The House of Representatives on Monday passed a measure to increase stimulus checks for Americans under a certain income level to $2,000 after President Donald Trump championed the effort, sending the bill to the Senate where its future is less certain.
The legislation, which passed with a 275-134 vote, comes a day after Trump signed a sweeping coronavirus relief bill into law Sunday evening. That measure, which was negotiated on a bipartisan basis, provides for $600 in direct payments, but after a deal was brokered and passed out of Congress, Trump railed against the amount as too low and called for $2,000 checks instead, prompting House Democrats to push for an increase.
Democrats have seized on Trump's 11th-hour complaint over the direct payments in a bid to push congressional Republicans to accept a higher amount, forcing GOP lawmakers to decide whether or not to defy the President after many have argued that the overall cost for a stimulus package should not rise too high.

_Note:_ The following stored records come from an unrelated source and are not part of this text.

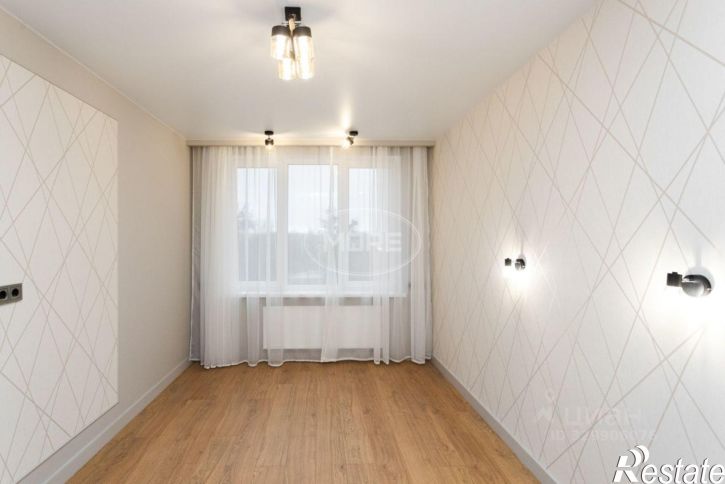 2-комн квартира Советский проспект, 238,  д. 238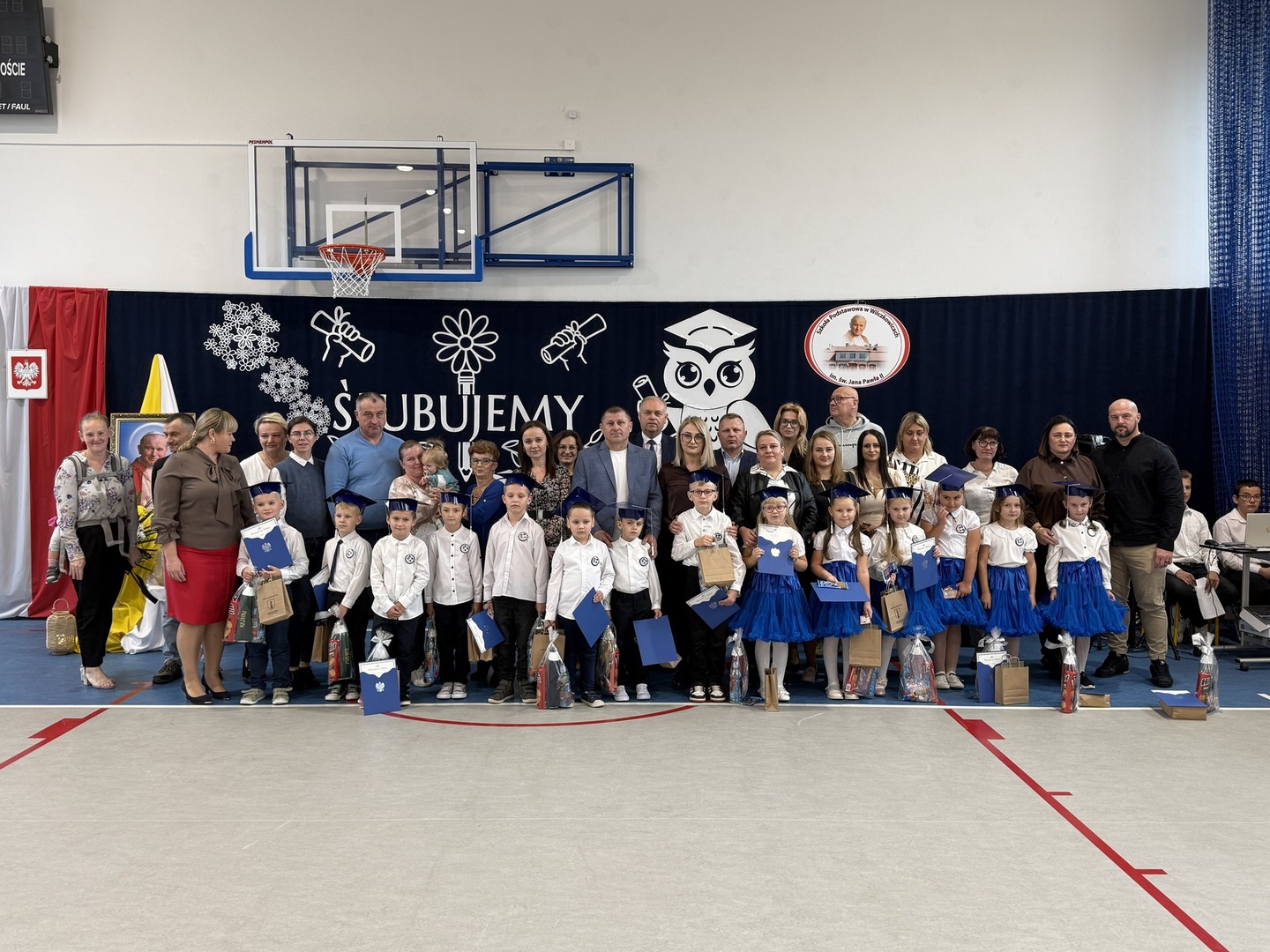 Tutaj powinien być opis obrazka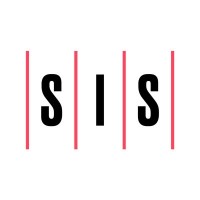 Sports Info Solutions logo - Similar company to Swish Analytics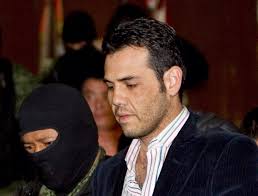 La reacción se produjo luego de que alexánder cifuentes villa, un colombiano que es. Sinaloa Cartel Vicentillo Zambada A Collaborator To The Us A Traitor To Mexico S Drug Gangs Usa El Pais In English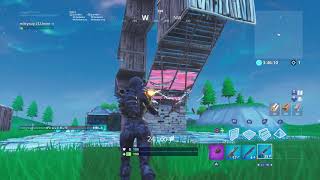 Fortnite_20181216234956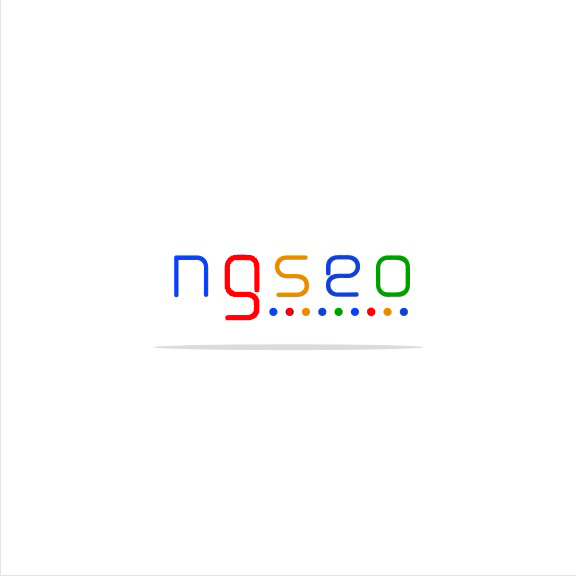 Diseño de Logo por Gulzaar khan para este proyecto | Diseño #1143511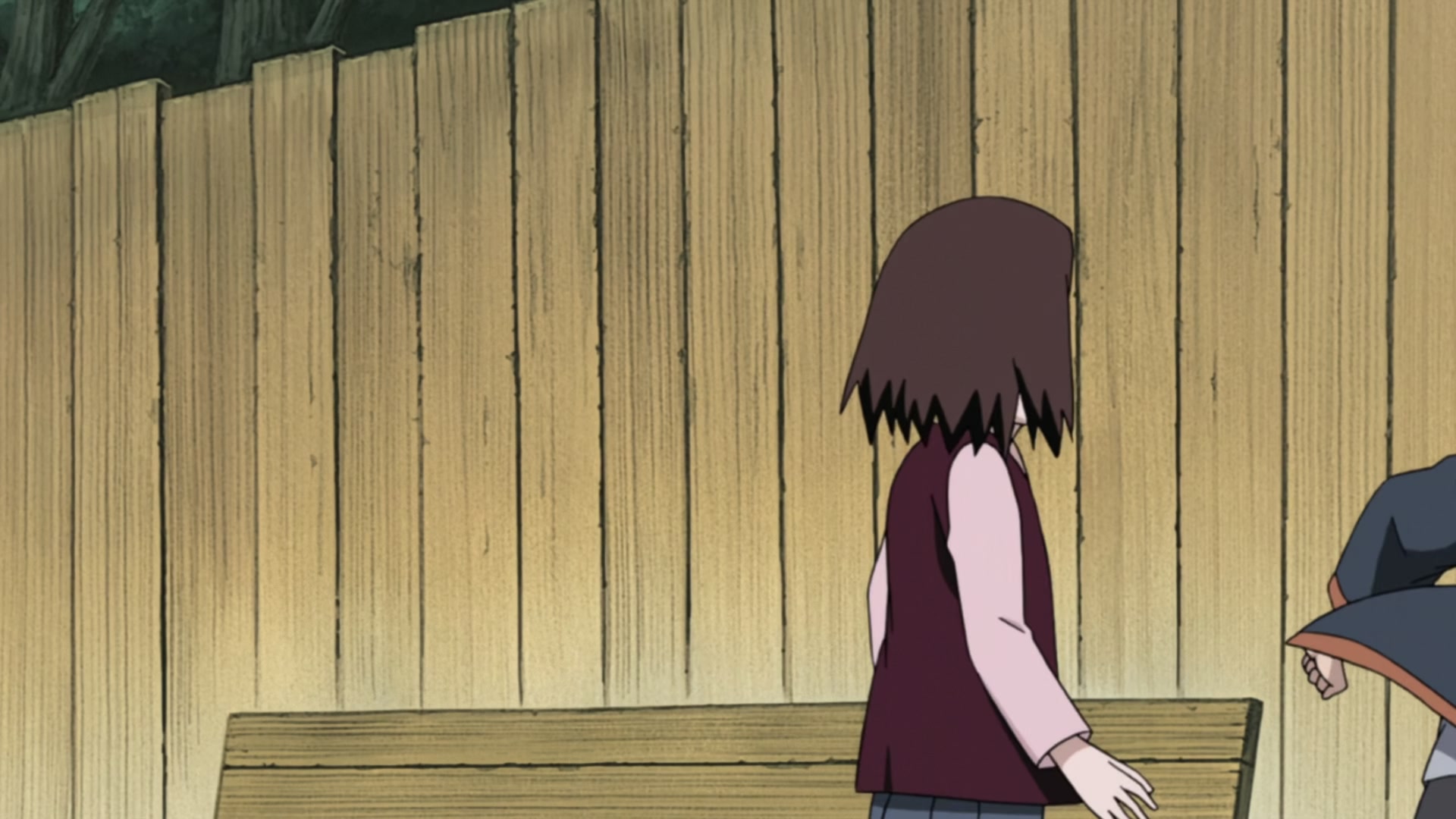 Naruto: Shippuden Ep 385: Obito Uchiha @ 00:13:28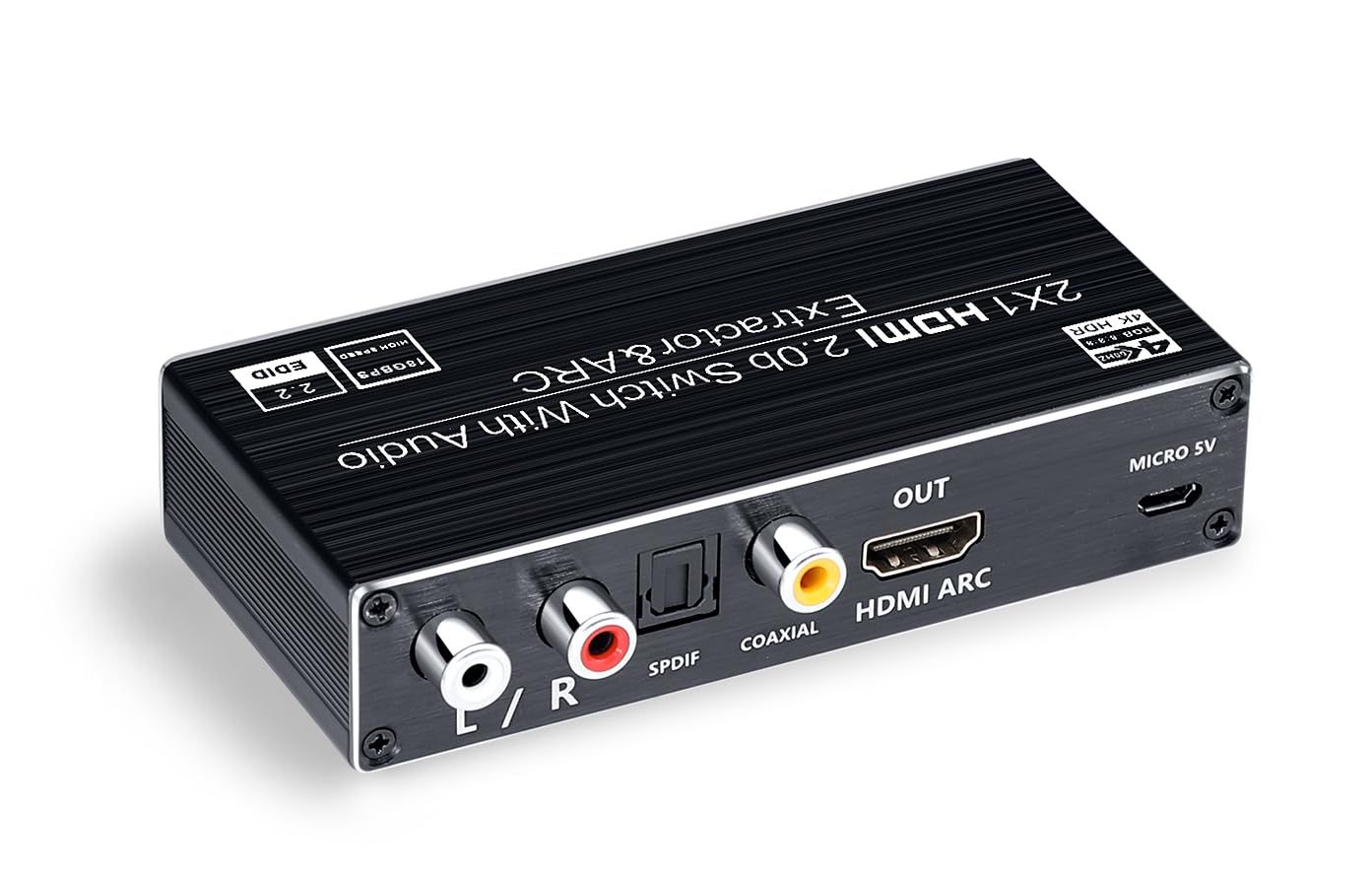 極美品✨イーヴォ チェスターコート ベルト 木村拓哉 近年モデル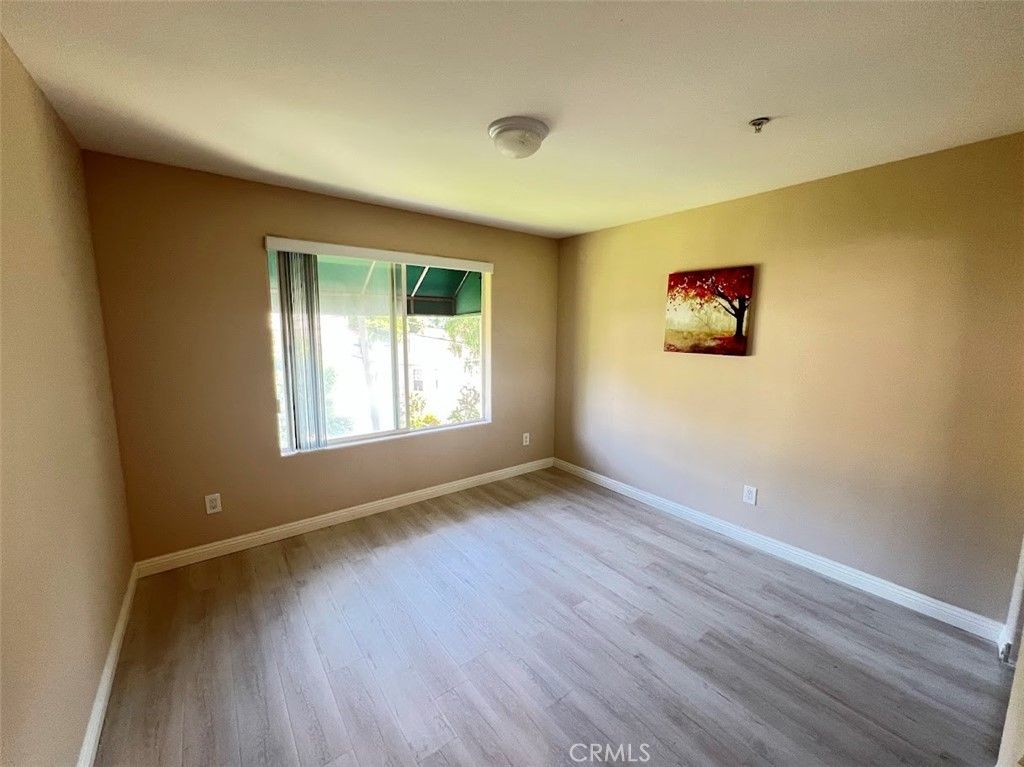 Image 11 of property listing at 918 W Garvey Avenue 313, Monterey Park, CA 91754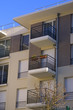 Immobilier neuf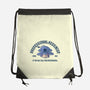 Professional Pessimist-None-Drawstring-Bag-erion_designs
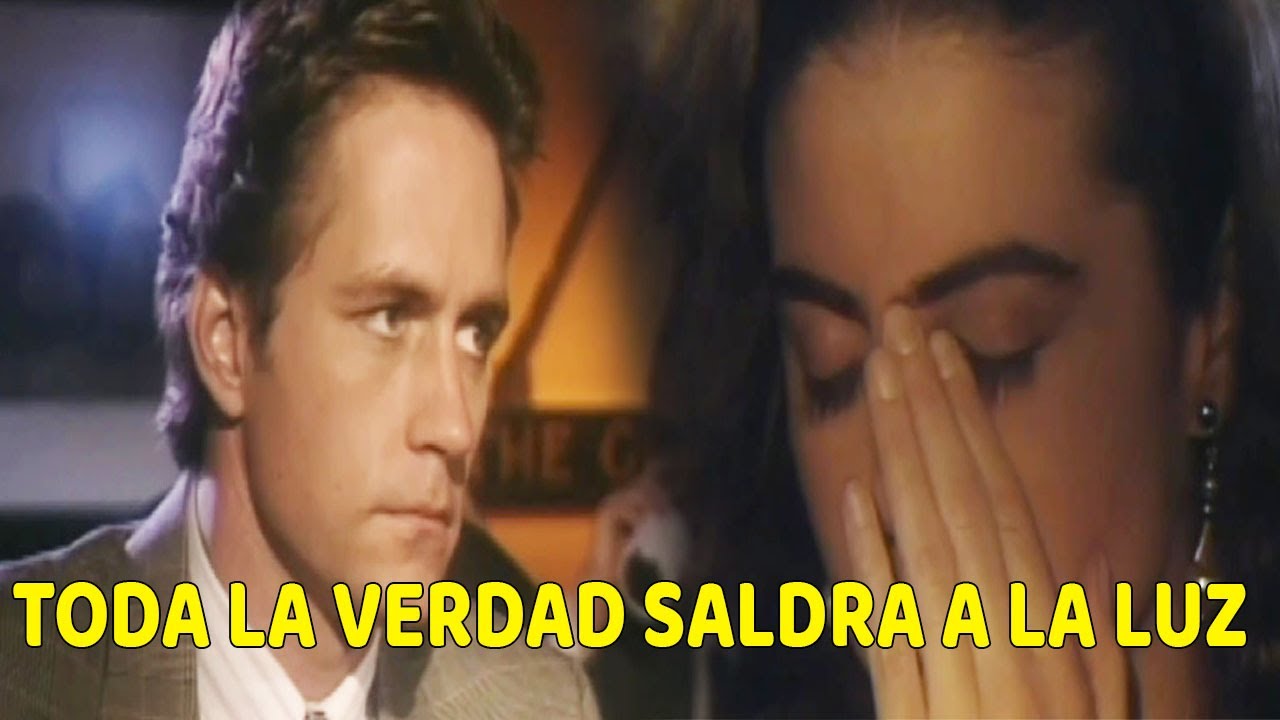 Cafe Con Aroma De Mujer Cap 44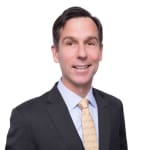 Click to view profile of Derek P. Cole, a top rated State, Local & Municipal attorney in Roseville, CA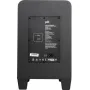 Саундбар Polk Audio Signa S4 Black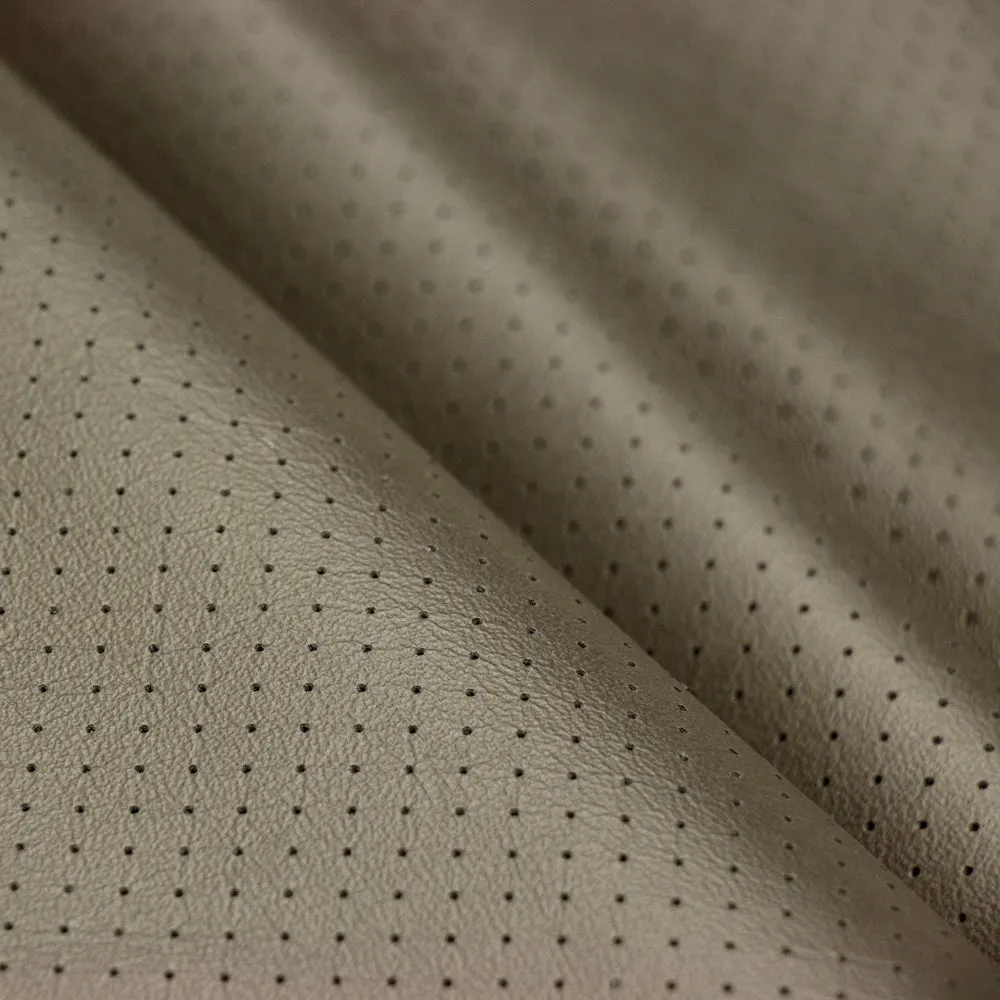 Apex Upholstery Side, 1.6mm~2.0mm (4/5oz), Grey
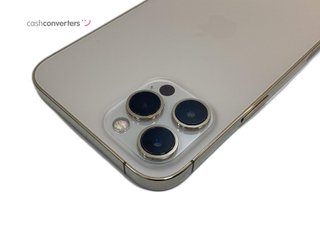 apple iphone 12 pro max 128gb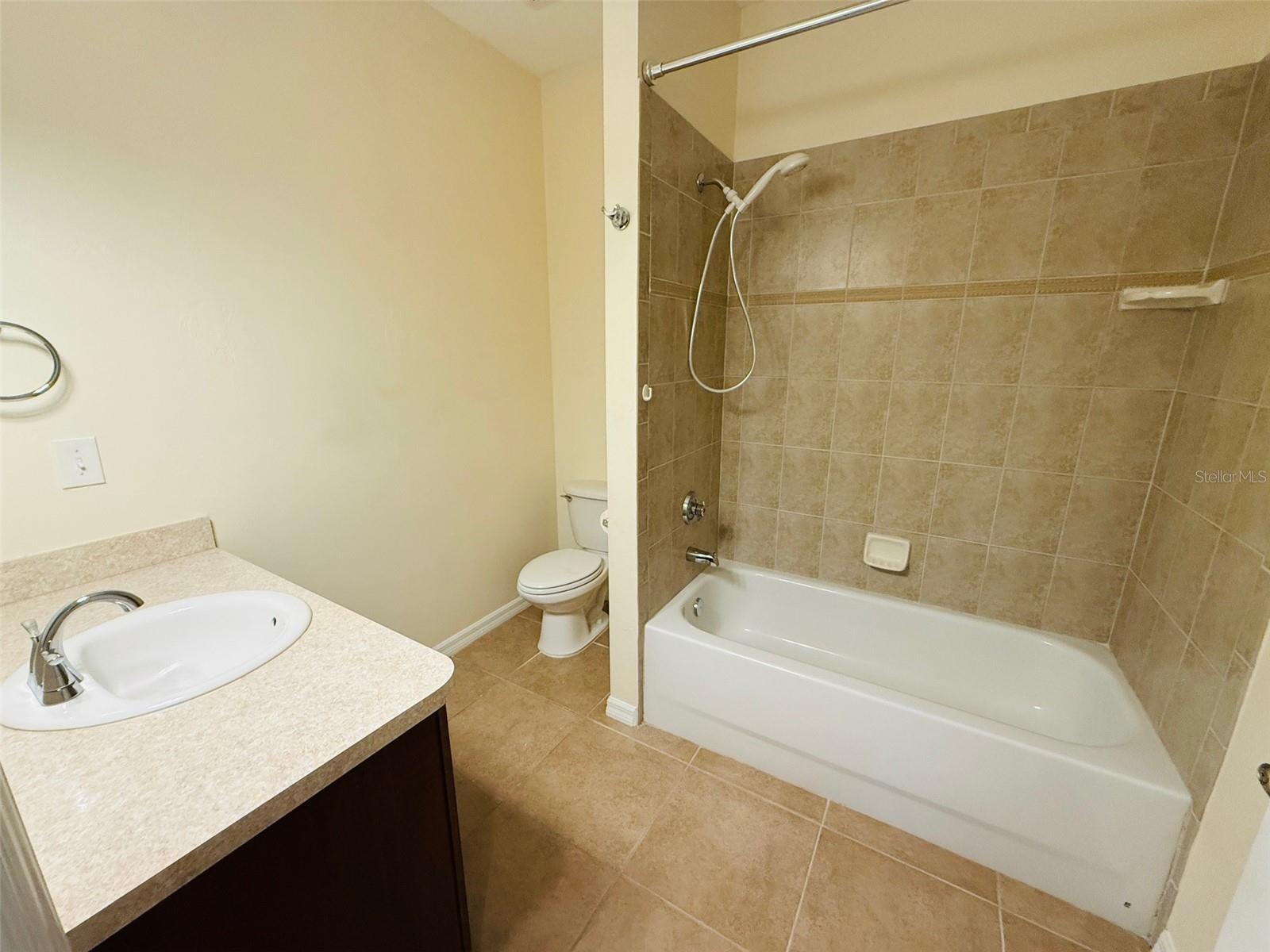 Image 23 of 34 For 12837 12th Road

When and if the Senate will consider the measure is uncertain. The Senate Democratic leader, Sen. Chuck Schumer of New York, announced Monday that he planned to try and quickly pass the measure in the GOP-led chamber through requesting a unanimous consent agreement, which can be blocked by any senators who opposes it.
'Following the strong bipartisan vote in the House, tomorrow I will move to pass the legislation in the Senate to quickly deliver Americans with $2,000 emergency checks,' Schumer said in a statement. 'Every Senate Democrat is for this much-needed increase in emergency financial relief, which can be approved tomorrow if no Republican blocks it -- there is no good reason for Senate Republicans to stand in the way.'
And Sen. Bernie Sanders, a Vermont independent, has threatened to delay a crucial vote to override Trump's veto on a defense funding bill unless the Senate holds a vote on $2,000 checks.
'This week on the Senate floor Mitch McConnell wants to vote to override Trump's veto of the $740 billion defense funding bill and then head home for the New Year. I'm going to object until we get a vote on legislation to provide a $2,000 direct payment to the working class,' Sanders tweeted.
House Republicans blocked an effort by Democrats to advance $2,000 checks last week, but the House tried again on Monday with a floor vote that required a two-thirds majority to pass since it is taking place under a suspension of the rules, a threshold that means it needed a wide margin of bipartisan support to be approved.
'The President must immediately call on congressional Republicans to end their obstruction and to join him and Democrats in support of our stand-alone legislation to increase direct payment checks to $2,000, which will be brought to the Floor tomorrow,' House Speaker Nancy Pelosi said in a statement Sunday evening after Trump signed the stimulus legislation.
'Every Republican vote against this bill is a vote to deny the financial hardship that families face and to deny the American people the relief they need,' Pelosi said.
The President's last-minute objections to the stimulus legislation initially threw into question whether he would sign it at all. When Trump finally did sign the legislation Sunday evening, he signaled in a statement that he signed the coronavirus relief bill only after securing a commitment for the Senate to consider legislation to increase stimulus checks from $600 to $2,000. Senate Majority Leader Mitch McConnell, however, did not reference that commitment in his own statement Sunday night praising the President for signing the relief bill.
Now that the bill has passed House of Representatives, it will put McConnell in a tough position of having to decide whether to bring the provision to the floor in the Senate as a standalone bill. While the President has been urging Republicans to up the payments, many Republicans in McConnell's ranks have made it clear they don't think an increase is warranted given how much it would increase the price tag of the stimulus bill. A vote on the checks would likely divide the GOP conference and force some members to endure Trump's ire in his final days in office.
Eligibility for the checks is determined by a person's most recent tax returns. Anyone who made under $75,000 as an individual or $150,000 as a couple would receive the full amount. The amount individuals receive decreases by $5 for every $100 a person makes over $75,000. In short, that means that individuals who make over $99,000 would not be eligible nor would couples making more than $198,000.
This story has been updated with additional developments Monday.